Teresa's overall message:

Resiliency is too expensive…until it’s not. And then we innovate.

Resilience is the next imperative in design.

Women in Engineering: Transforming the Innovation Paradigm

I attended the Women in Engineering panel, with the slightly odd title of Transforming the Innovation Paradigm. But actually, by the time I reached the pavilion, the title had changed to Real Advice for Today's Female Engineers, which was a much more accurate description of what ensued. The discussion was mostly based on the history and experience, both good and bad, of the panelists as women in the male-dominated world of engineering.

The panel consisted of (from right to left in the above picture):

• Radhika Shankar, Synopsys
• Geeta Pyne, Intuit
• Sherry Hess, Cadence
• Susanna Holt, Autodesk
• Ann Steffora Mutscher, Semiconductor Engineering (the moderator)

 Ann hoped that the session would be inspiring and encouraging before asking each of the panelists to introduce themselves (from right to left).

Radhika is a group director at Synopsys, having been there for 20 years. She grew up in India in Chennai (fka Madras). Graduated with a bachelor's in engineering. She feels that what works early on in your career is that if you find a company that is technologically superior, with passionate people, and an open culture, then stay.

I know that people say if you move around a lot you can advance. But I stayed and it worked.

Geeta is chief architect for enterprise architecture at Intuit. She also grew up in India in Kolkata (fka Calcutta). Educated in computer science. She then started at the India Space Research Organization (ISRO) working on image processing in pre-cloud days. She feels that you need a sponsor who is going to be there for you and she wished she had had that.

Sherry is senior product marketing manager in our system analysis technology. She studied at CMU and was then recruited by Intel, which was a great place to learn. Then she went to a startup. What advice would she give her 20-year younger self? Build a network of people that will support you, especially having male allies. You have to believe in yourself and get over the impostor syndrome.

Susanna was a PhD mathematician and then joined a startup where there were ten other people, all men with PhDs. She admitted she suffered from the things that get ascribed to women: only speaking up when she was 100% sure she was right, never asked for anything, and so on.

Most of the time men were not holding me back but not supporting me either. I got promoted, and got recognition. I took up competitive sport in my spare time. This boost really helped me. This was all back in UK and then I relocated to the USA.

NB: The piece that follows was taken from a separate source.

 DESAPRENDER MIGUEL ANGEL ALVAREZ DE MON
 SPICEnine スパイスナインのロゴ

Ann: We have identified clearly what diversity is, and we know companies benefit financially from diversity, so what is it that is going to change things?

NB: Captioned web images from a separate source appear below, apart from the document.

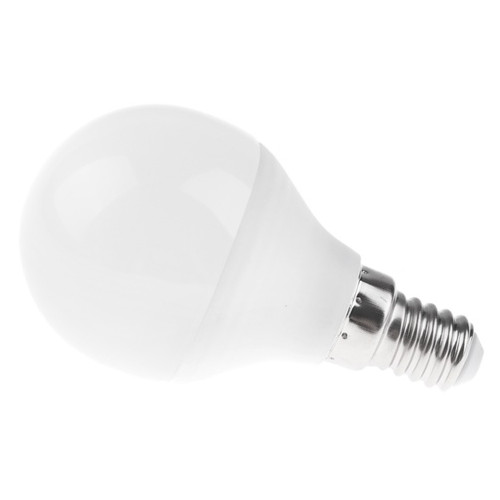 Brille LED E14 7W WW G45-PA лампа світлодіодна (32-800) фото №3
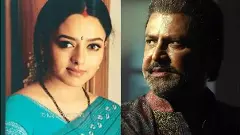 నటి సౌందర్య హత్య రచ్చ, మోహన్ బాబు లింక్ ఏమిటి?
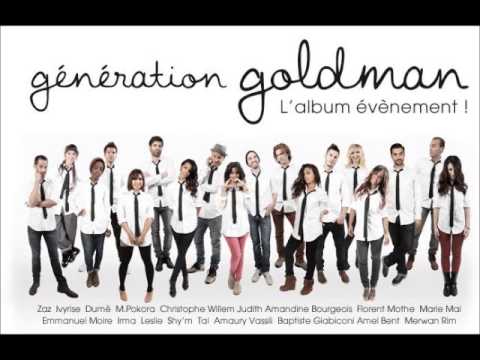 Je Te Donne - Leslie & Ivyrise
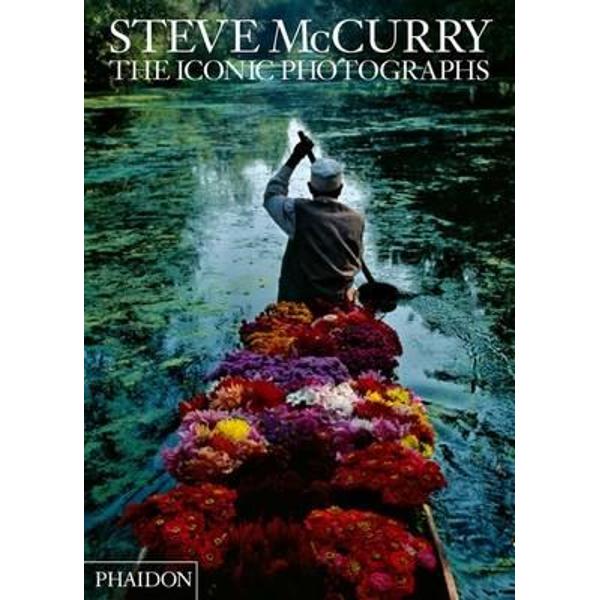 洋書 Steve McCurry The Iconic Photographs Steve McCurry: The Iconic Photographs: Purcell, William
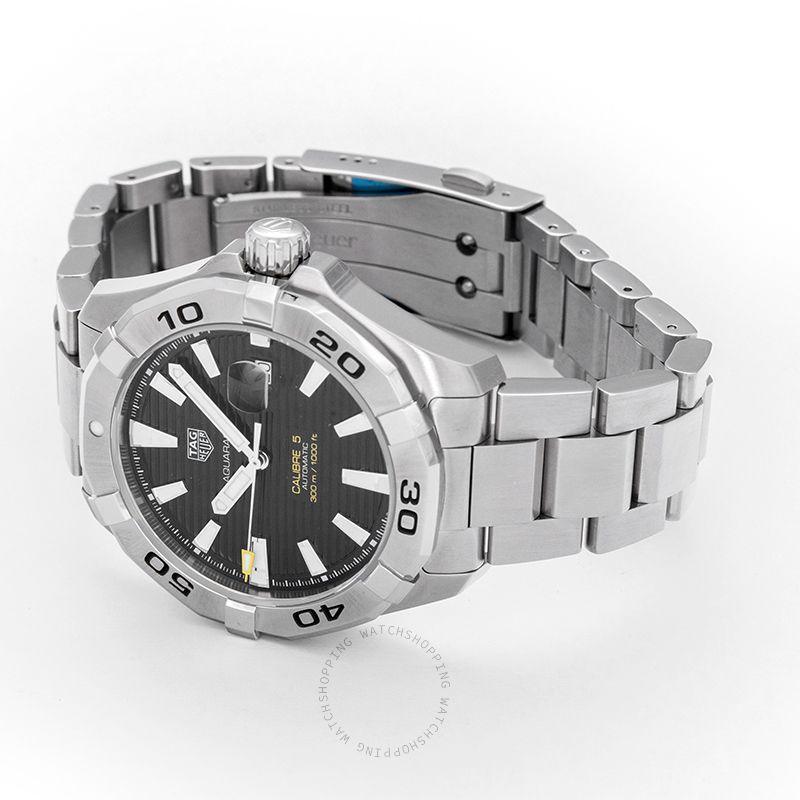 replica TAG Heuer Aquaracer WAY2010.BA0927 WATCHES 1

Susanna: I used to hate quotas, a proportion of women. People still to this day say I’ve only got the position because I’m a woman.

Sherry: The fact that we are having this discussion today and means we are more aware. That is the first step. California has put quotas for female board members, very positive change. IEEE has put out a women in engineering pledge. Maybe we need some quotas at the highest levels.

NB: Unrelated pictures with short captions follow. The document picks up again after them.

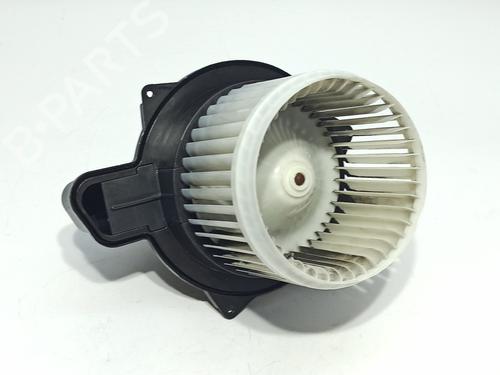 Used Heater blower motor FIAT 500 (312_) 1.2 (312AXA1A) (69 hp) 12578277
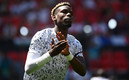 Pogba no tiene definido su futuro en Mánchester. (FOTO: AFP)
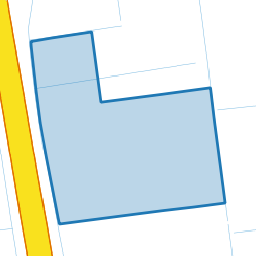 Perceel VBG02-I-1470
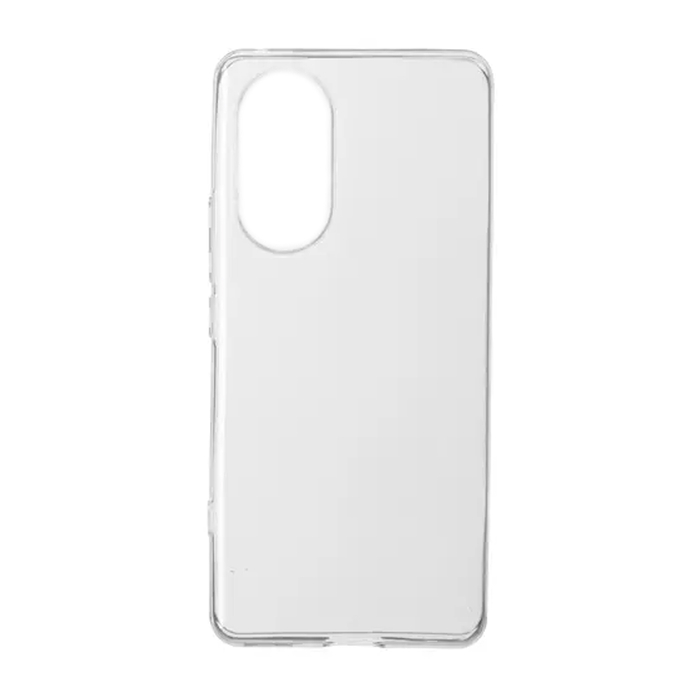 Силиконовый чехол KST UT для Huawei Nova 9 Pro прозрачный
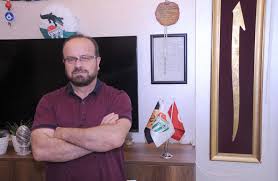 BURHAN ILGIN İLE BURSA GÜNDEM ÖZEL..!!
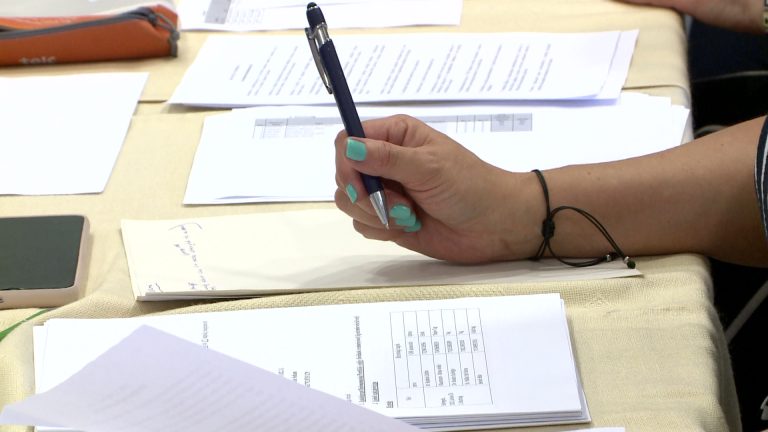 Csökkent a nyelvvizsgázók száma a felsőoktatásban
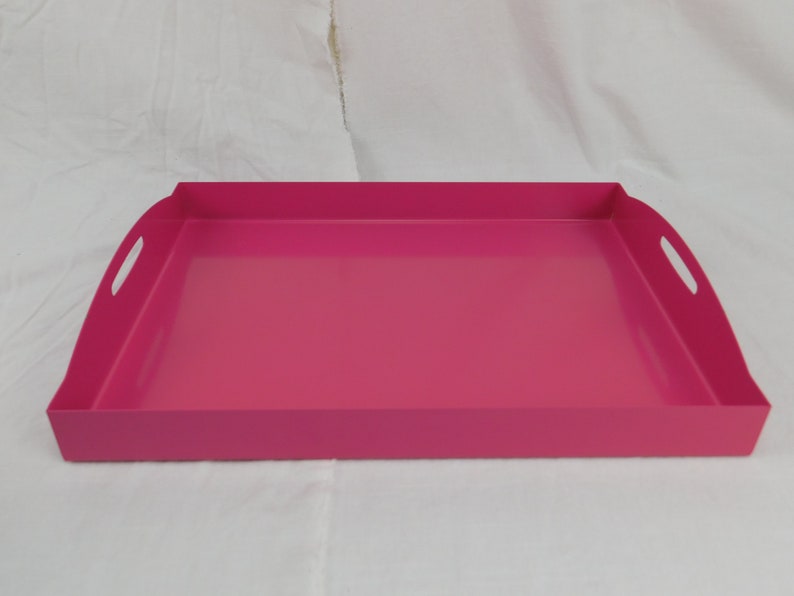 All Metal Serving Trays Etsy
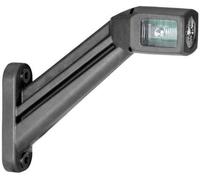 Hella Feu de Position Latéral Support Droit LED 12V 24V (2XS 011 744-021)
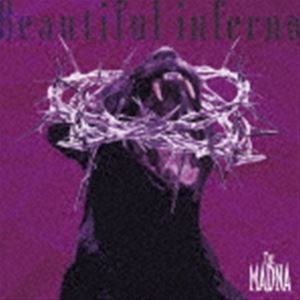 THE MADNA / Beautiful inferno（CD＋DVD） [CD]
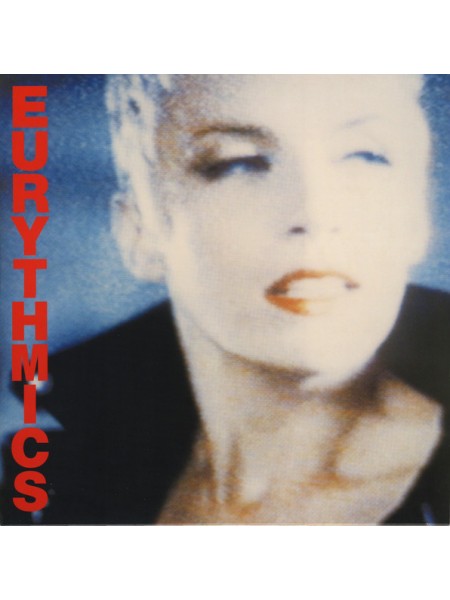 35014332	 Eurythmics – Be Yourself Tonight	" 	Synth-pop"	Black, 180 Gram	1985	" 	RCA – 19075811651"	S/S	 Europe 	Remastered	06.07.2018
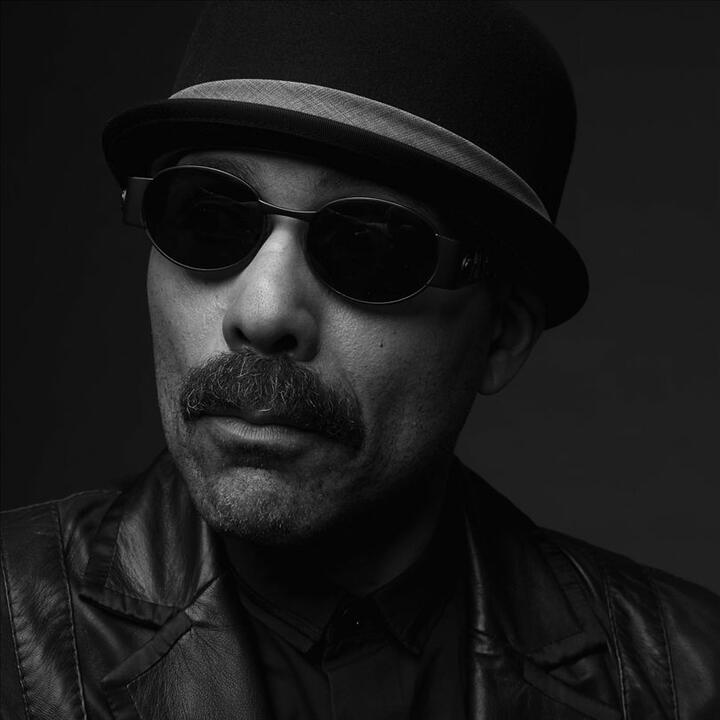 Kahil El’Zabar’s Ritual Trio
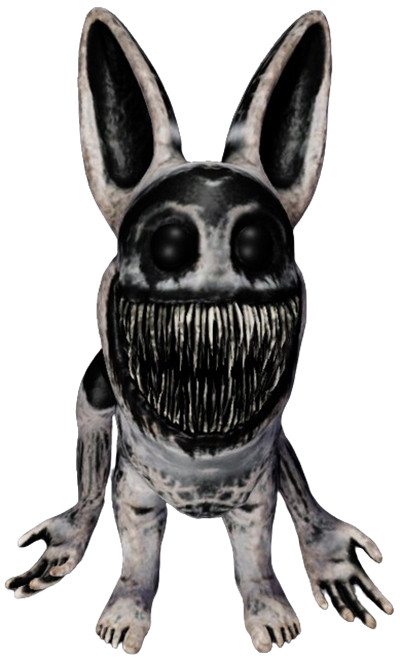 畸形动物园中文版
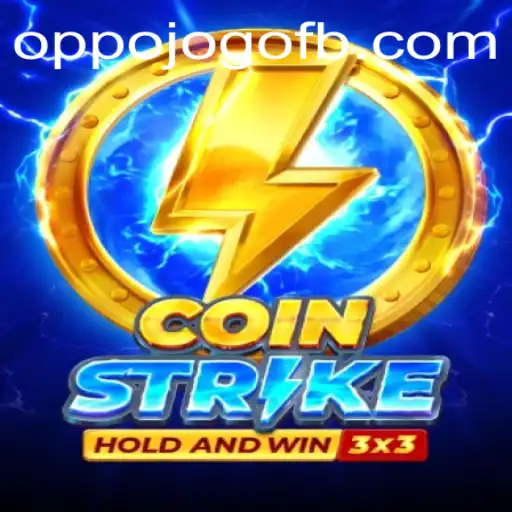 Coinstrike: O Jogo de Estratégia que Está Conquistando o Mundo com Oppojogo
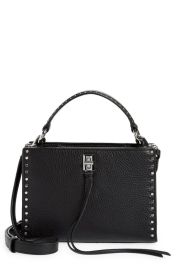  Darren Small Top Zip Satchel at Rebecca Minkoff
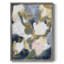 Reproduction encadrée FLORAL Series DCL III - bois massif-1438293379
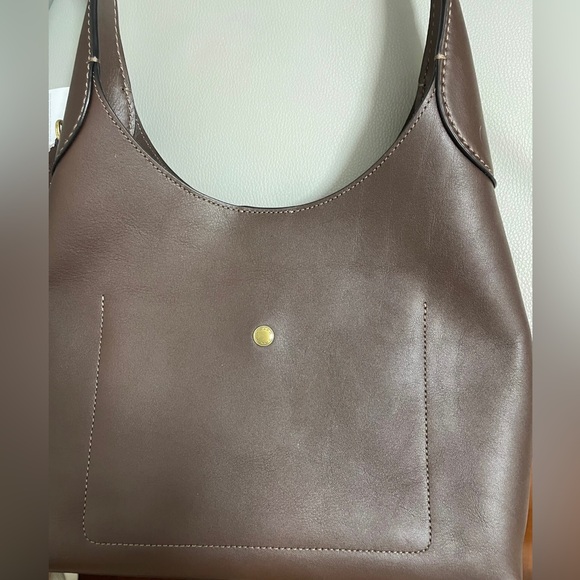 Coach Brooklyn 28 Shoulder Bag-Maple - Picture 3 of 7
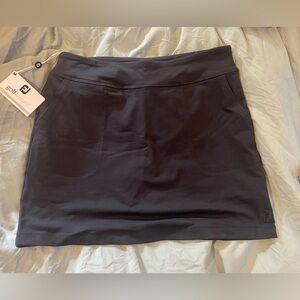 FJ golf skort brand new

Geeta: First is awareness and then it comes. But metrics can always be gamed. Good to have corporate mandate from the top, but it needs to come from the base, too. It is about empowering people on the ground

Radhika: Don’t think it is someone else’s responsibility to fix. And make sure diverse interview panel is also there.

Q (from audience): How do we engage young women from an early age to believe first that they can do math, and that engineering and science is for them? Culturally that has been an issue. How do we encourage kids to think differently about their options in the future?

Geeta: Whether it is a girl or a boy should be irrelevant. Everyone should be exposed equally, and what can we do to help them learn the craft of math or science.

Sherry: This question is often asked, but having female role models that other women can see helps.

Q: It’s really good to increase diversity, but unless we change the systems we have they don’t feel included (maternity leave, flexible hours, etc). What are companies doing?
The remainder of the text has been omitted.